Organizations that lobby for more transparency publicly denounce the weaknesses of existing compliance systems and call for more rigorous monitoring not only of gifts and expenses claims but also of compliance with environmental protection laws, human rights, and standards for working conditions. And the organization shaken by the scandal happily gives in to these demands, because doing so allows them to rebuild their legitimacy at a low cost.
But there is a problem with this. As experts in rule-following, the staff of compliance departments have little understanding of the usefulness of everyday deviations from the rules. Compliance departments are in charge of the presentational side of organizations, and therefore other departments only ever show them their presentational sides. When compliance colleagues attend workshops to discuss actual working processes, one witnesses the kind of self-censorship that normally only occurs when senior managers are in attendance. As a rule, compliance staff are therefore the ones who know the least about what is actually going on inside the organization.
In the wake of a scandal, organizations introduce more formal rules, often under pressure from the compliance department, but they do not fundamentally revise existing bodies of rules. And experience has demonstrated that, even where the formal structural rules are revised, they are almost never thinned out but more often ‘refined’. In the name of ‘clarity’, the rules are specified further, conditions for triggering them elaborated, and exceptions formulated. The overall effect is that the formal structure begins to expand and infiltrate more and more aspects and elements of the organization.
Investigations in organization studies have shown that the detailed elaboration of formal rules, the clear assignment of responsibilities, and the associated obligation to keep records lead to a significant intensification of the familiar pathologies of bureaucratized organizations. In the case of the police, the introduction of extra documentation requirements and more monitoring by superiors means more red tape for officers. Attempts by universities to prevent professorial posts or chancellorships from being decided through backroom deals lead to more detailed rules and a high level of transparency – but also to excessive amounts of documentation, which is also available to the public.

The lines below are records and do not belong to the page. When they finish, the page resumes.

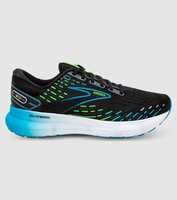 In order to trust your run, you need to trust your shoes. The new Glycerin 20 is engineered with...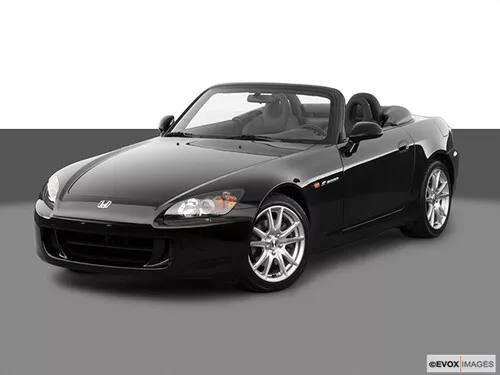 S2000 Image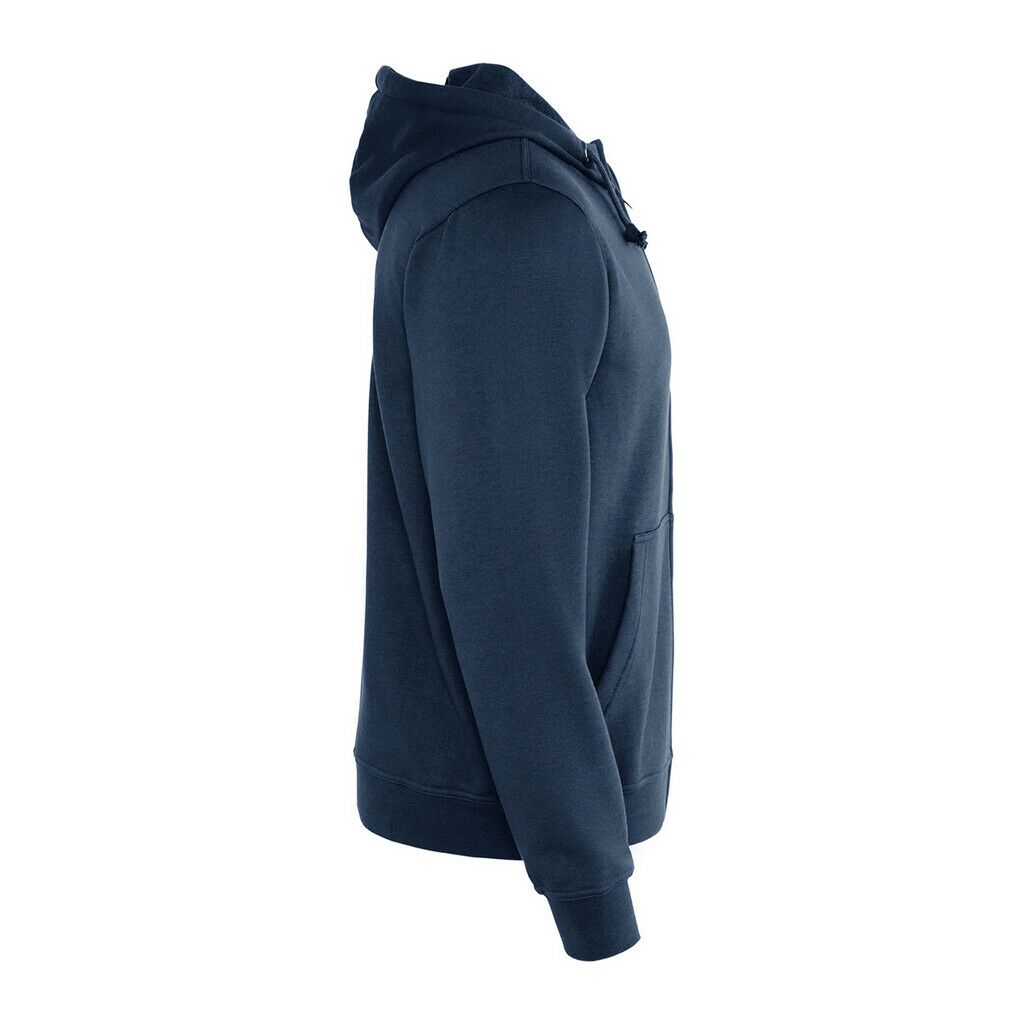 C-Line Basic Hoody Full-Zip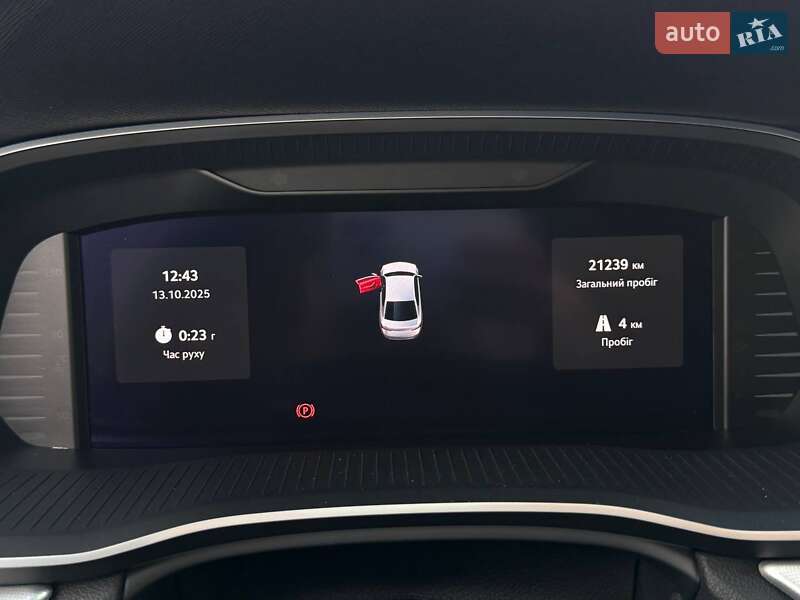 Лифтбек Skoda Octavia 2024 в Кривом Роге фото 52 Лифтбек Skoda Octavia 2024 в Кривом Роге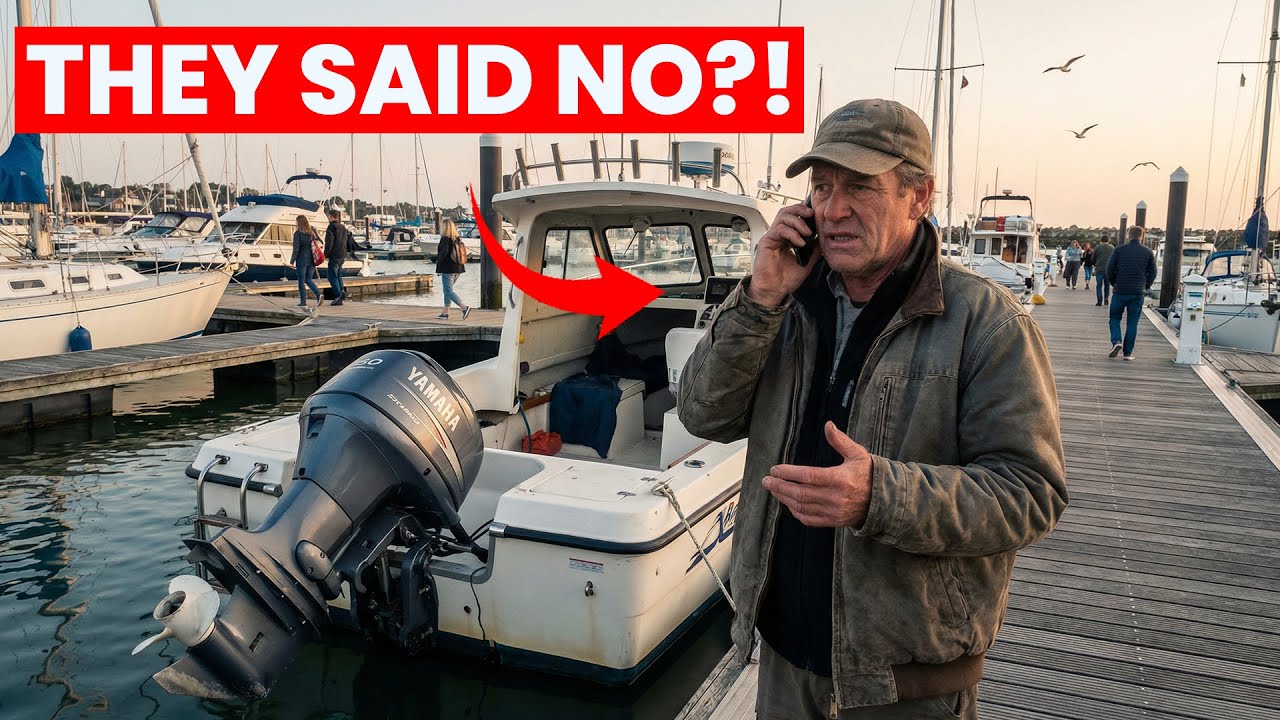 20 Things I Wish I Knew Before Owning an Outboard Boat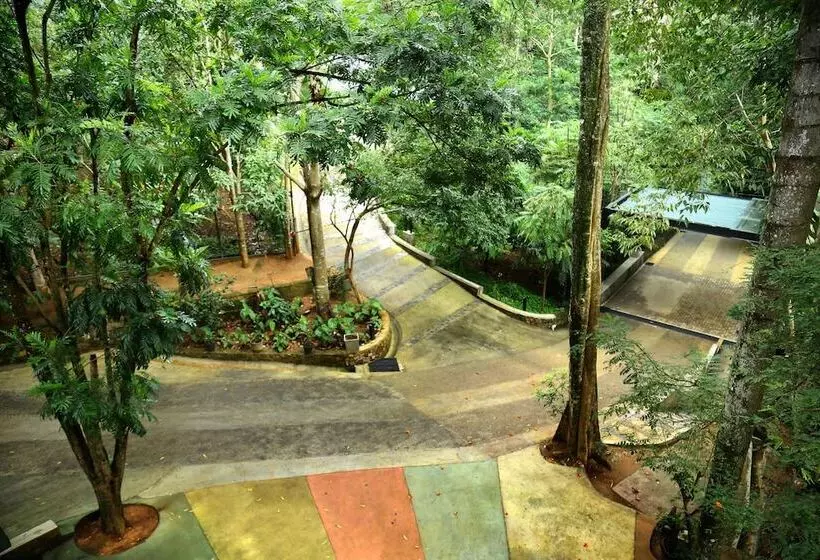 Fotos del hotel The Spring Villas:  3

The effects of attempts to refine formal rules can be observed in particular in the case of scandal-hit organizations. At the outset, the organization may suffer because of the fines it has been ordered to pay, the absence of the managers forced out of the company, or the hit to its public reputation. These problems ease, however, as the law suits cease, new managers are integrated into the organization, and the media spotlight shifts to other scandals and organizations. But it is at this point that the consequences of the refined system of formal rules and the intensified monitoring of compliance become visible: decision-making is cumbersome and the organization is inflexible. According to Sebastian Barnutz and Sven Kette, the delegitimization of any form of deviation from or violation of the rules leads to a ‘useless legality’, which even threatens to bring about a ‘failure to rule’.
The challenge is to manage the useful illegalities in such a way that, should they become known, they will not sink the organization. This challenge can only be met if there is an acceptance of the fact that no organization can do without everyday deviations from the rules and that not every violation of a rule must immediately lead to the punishment of those responsible and the eradication of the deviant behaviour. But few organizations know how to find out about informal processes through individual conversations and observation interviews, how to process this information in such a way that it is not immediately rejected by the ‘immune system’ of the senior management, or how to make informal processes a possible topic for discussion at workshops – and thus something subject to possible change. If the management is to be able to signal which ‘innovative ways’, ‘generous interpretations of the rules’, and ‘exceptions from the rule’ are acceptable and expected, and which go too far, this is what is required. Ultimately, organizations do not fail because of their everyday deviations from the rules but because of an unprofessional management of useful illegalities.